Utah is fifth in the nation for having the highest rate of teen suicide.
Pastor Carol Loftin’s of St. Paul United Methodist Church in Copperton, Utah, became involved in the crusade against teen suicide when she lost two youth from her own congregation to, as she calls it, death by suicide.
“Suicide is devastating to anyone and any family, especially in teenage years. It’s an epidemic,” she said. “There are people to help [and] to reach out to, [including] your teachers, your pastor, your parents.”

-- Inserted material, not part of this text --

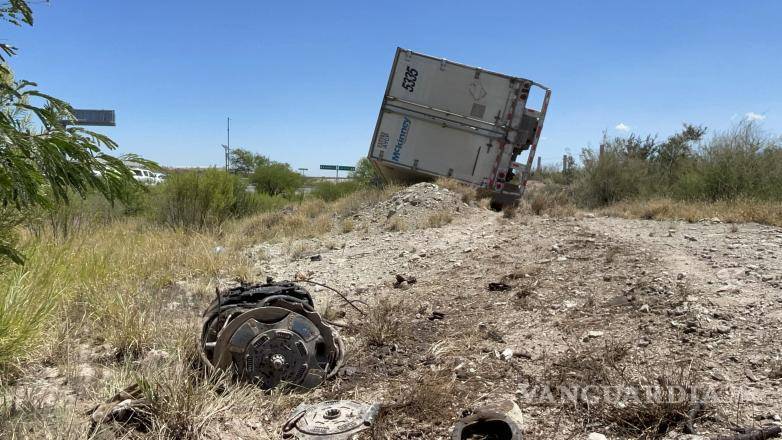 $!Partes de la unidad quedaron esparcidas durante la salida de camino.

Barry Rose is a crisis services manager for the University of Utah’s University Neuropsychiatric Institute, or UNI. He, along with Utah Attorney General Sean Reyes, have introduced a new app to help prevent teen suicide.
The SafeUT app has two primary functions: You can call or text a crisis hotline to speak to a licensed clinician about a personal crisis, or you can report on a loved one who may be having a crisis themselves.
A licensed clinician can be reached by phone or text 24/7. Most hotlines in Utah only connect the person in crisis to a volunteer rather than someone who has a degree in counseling. Rose said SafeUT is unique because anyone can connect with the counselors through a text message.
“We’re finding that people are more comfortable and people are more open sometimes via text than they are with our call center staff via phone,” he said.